В коробке, оставшейся от переездов, где находилась забытая банкнота в сто тысяч марок, лежала также папка с бумагами и документами моего прадеда. Это были свидетельство о рождении 15 июня 1873 года в Бреслау (ныне Вроцлав); диплом инженера Дармштадтского университета; диплом доктора философии Университета Фридриха Вильгельма в Берлине; свидетельство о браке, выданное округом Шарлоттенбург мэрии Берлина, и документ о венчании в Мемориальной церкви кайзера Вильгельма; меню свадебного банкета, с рислингом 1893 года и десертом Bomba Savoy; свидетельство о службе в армии в качестве командира колонны снабжения, базирующейся в Вердене. В папке также и портрет его прадеда Христиана Готфрида Даниэля Нес фон Эзенбека, ботаника, специалиста по пресноводным водорослям, который состоял в переписке с Гёте, стал коммунистом, оставил семью, продал свою коллекцию водорослей и закончил жизнь в лесной хижине; буклет берлинского книжного магазина Gsellius, принадлежавшего его тестю и расположенного по адресу: Моренштрассе, 52, благодаря которому в Германии появились книги карманного формата; сделанные в старости биографические записки для частного пользования; некролог, сообщающий о его кончине 12 сентября 1949 года в Ганновере… Достаточно материалов, чтобы воссоздать краткую историю поколения немцев, переживших две войны.

У меня было искушение написать эту историю, и оно стало сильнее, когда я открыл для себя поучительную семейную тайну о далекой еврейской прародительнице, существование которой тщательно скрывалось. Но книг с семейными историями написано уже множество; кроме того, в истории моего прадеда нет ничего выдающегося. По крайней мере, в коробке с его вещами мое внимание больше всего привлекла зеленоватая купюра, которая теперь висит у меня в кабинете. На самом деле именно эта выцветшая бумажка и побудила меня погрузиться в атмосферу Берлина 1920-х годов. Я мог бы пококетничать и сказать, что она стала для меня той самой «шкурой бронтозавра», которая подвигла Брюса Чатвина посетить Патагонию и написать о ней и ее истории. Так же, как оказалось, что «шкура» на самом деле принадлежала милодону, так и моя купюра, как я уже говорил, не имела особой ценности. Как почти все купюры, векселя и талоны, выпущенные в 1923 году.

Именно 1923 год стал для инфляции одним из самых несчастливых. В день покушения на Ратенау один доллар стоил тридцать марок; год спустя, в июле 1923 года, за него давали уже сто шестьдесят тысяч, а в августе – три миллиона. В сентябре Рейхсбанк выпустил в обращение банкноту в пятьддесят миллионов марок.
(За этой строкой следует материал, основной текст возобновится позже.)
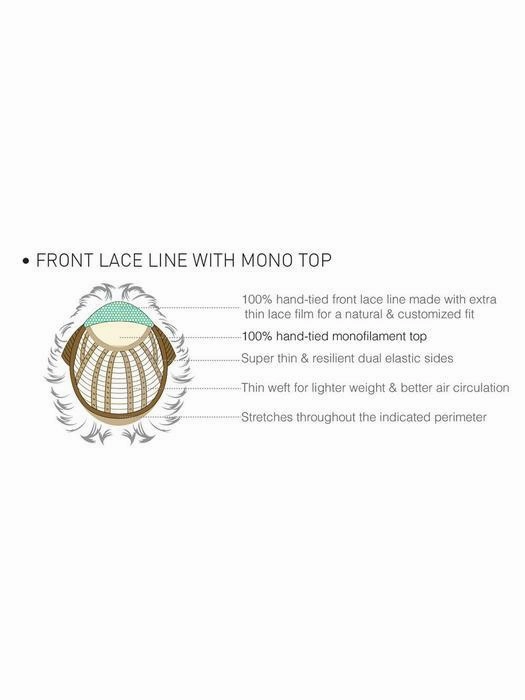 Haven | Synthetic Lace Front Wig (Mono Top)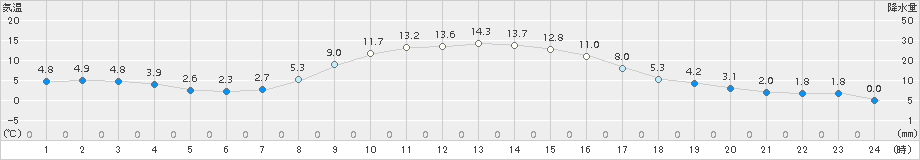 菅平(>2017年10月26日)のアメダスグラフ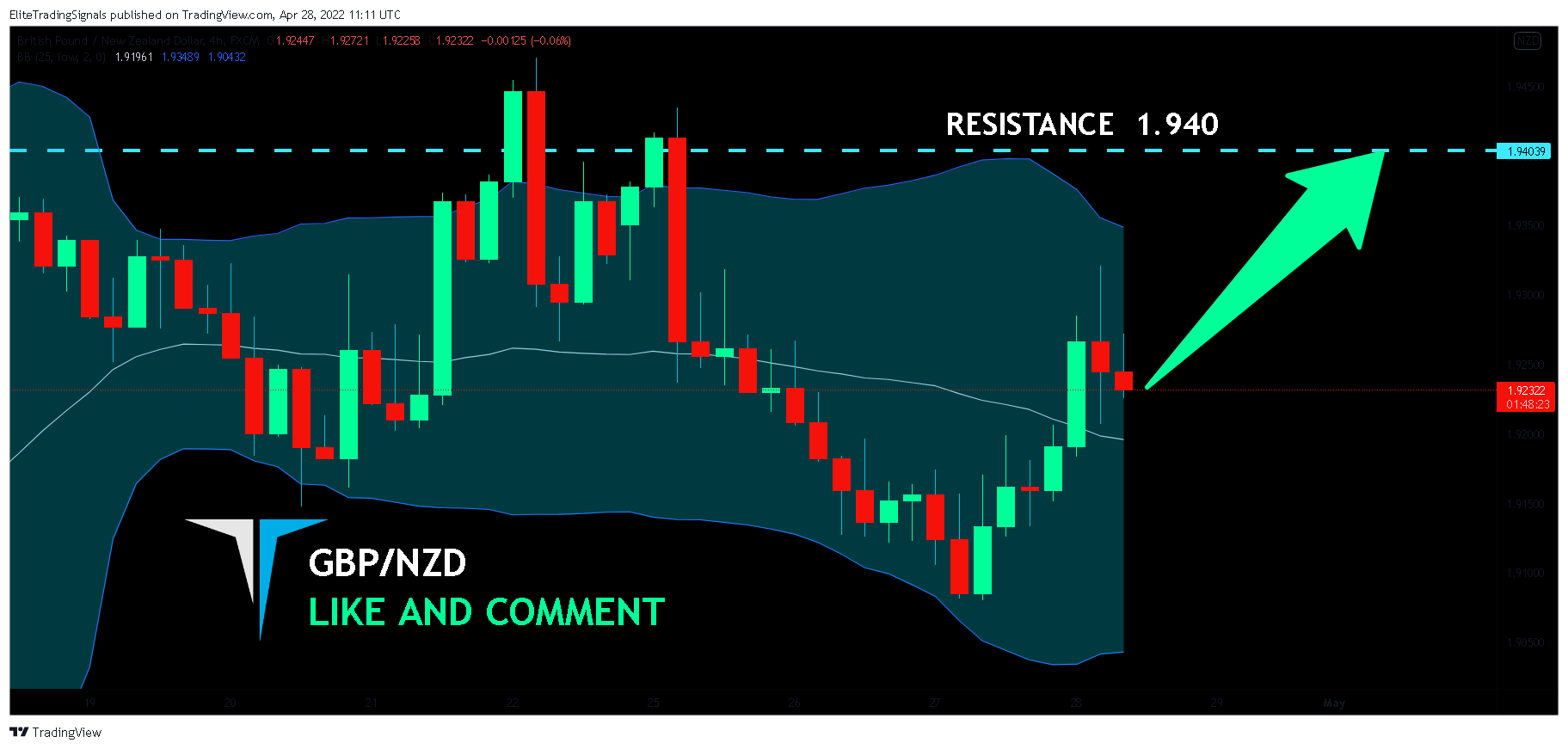 FX:GBPNZD Chart Image by EliteTradingSignals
В октябре – в миллиард, пять миллиардов и десять миллиардов. Второго ноября была выпущена банкнота в сто миллиардов марок, а в конце месяца был достигнут рекорд – вышла купюра в сто триллионов марок. То же самое цифрами: 100 000 000 000 000. За доллар платили по 4 210 500 000 000 марок. Заоблачная сумма! Немецкая пресса создала новый термин – «гиперинфляция». В то же время таблоиды свекрали словосочетанием «галопирующая инфляция».

Причины инфляции уходили корнями в давние события. Во время войны государство решило временно отвязать национальную валюту от золотого стандарта и печатать купюры, не обеспеченные золотом, в новой денежной единице – Papiermark (бумажная марка), – чтобы справиться с огромными расходами. В результате количество денежных средств в обращении увеличилось в пять раз, в то время как производство и предложение товаров на рынке, наоборот, сократились, и курс рейхсмарки становился все ниже и ниже. Ситуация ухудшилась, когда, после подписания Версальского договора в 1919 году, победители приняли решение о суммах репараций по итогам войны: сто тридцать два миллиарда золотых марок. Теперь Германия превратилась не только в политического, но и в экономического заложника.